---------- Data in this exercise ----------

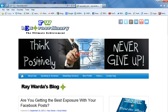Hello everyone, this is Ray Wardah at raywardah.com. Be extraordinary, the ultimate achievement. Today's video is going to be all about a small little marketing YouTube tip that I'd like to share with you that you may or may not be aware of. And here's how it works.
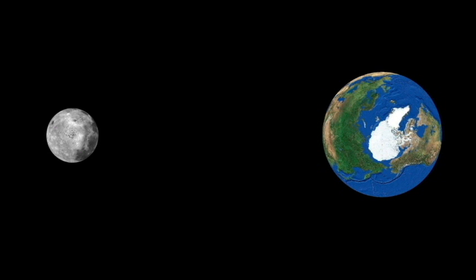It has to do with the orbital velocity of the Moon compared to the rotational speed of Earth along its axis. I'm going to show you a graphic — a cartoon I created — illustrating why that happens. Here you see the Earth next to the Moon; it's not to scale, but it illustrates the point accurately. Looking down at our north pole, you can see the Earth rotates counterclockwise, shown by the red arrows, and the Moon also orbits counterclockwise.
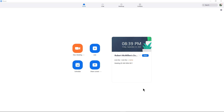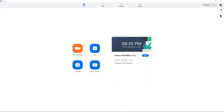I'm going to show you how to change the local recording option when you go to record a Zoom meeting. I'm in the Zoom application simply by going to the Start button and typing in Zoom in the search box. This application for Zoom launches — that's if you've already installed it.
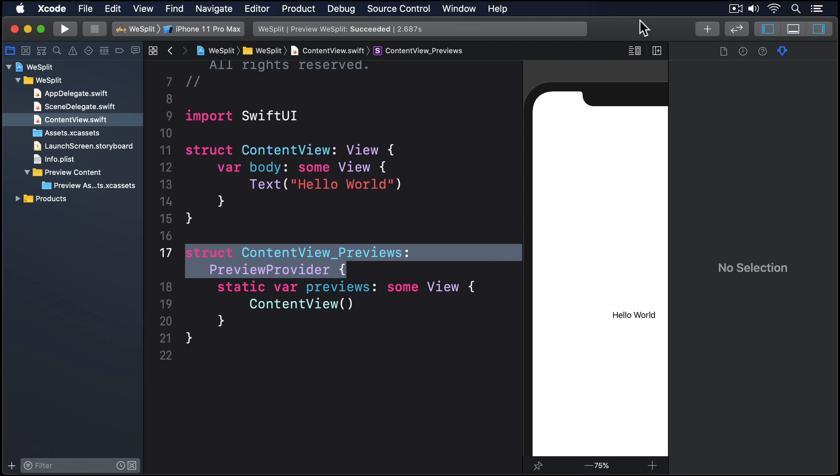SwiftUI gives us a dedicated view type for this purpose called form. Forms are scrolling lists of static controls like text and images, but can also include user interactive controls like text fields, toggle switches, buttons and more.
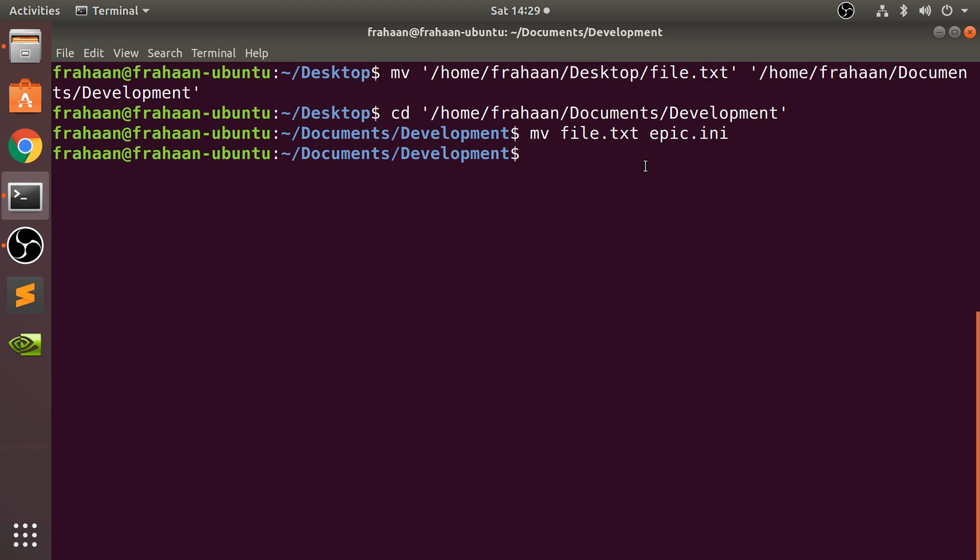So the mv command is used for moving from one folder to another and you can use it to move folders, same principle, or you can use it to rename if you just specify the same folders. That's it.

----------

Try it -
All of the data must be set down exactly, with no pictures included.

Your response -
Hello everyone, this is Ray Wardah at raywardah.com. Be extraordinary, the ultimate achievement. Today's video is going to be all about a small little marketing YouTube tip that I'd like to share with you that you may or may not be aware of. And here's how it works.
It has to do with the orbital velocity of the Moon compared to the rotational speed of Earth along its axis. I'm going to show you a graphic — a cartoon I created — illustrating why that happens. Here you see the Earth next to the Moon; it's not to scale, but it illustrates the point accurately. Looking down at our north pole, you can see the Earth rotates counterclockwise, shown by the red arrows, and the Moon also orbits counterclockwise.
I'm going to show you how to change the local recording option when you go to record a Zoom meeting. I'm in the Zoom application simply by going to the Start button and typing in Zoom in the search box. This application for Zoom launches — that's if you've already installed it.
SwiftUI gives us a dedicated view type for this purpose called form. Forms are scrolling lists of static controls like text and images, but can also include user interactive controls like text fields, toggle switches, buttons and more.
So the mv command is used for moving from one folder to another and you can use it to move folders, same principle, or you can use it to rename if you just specify the same folders. That's it.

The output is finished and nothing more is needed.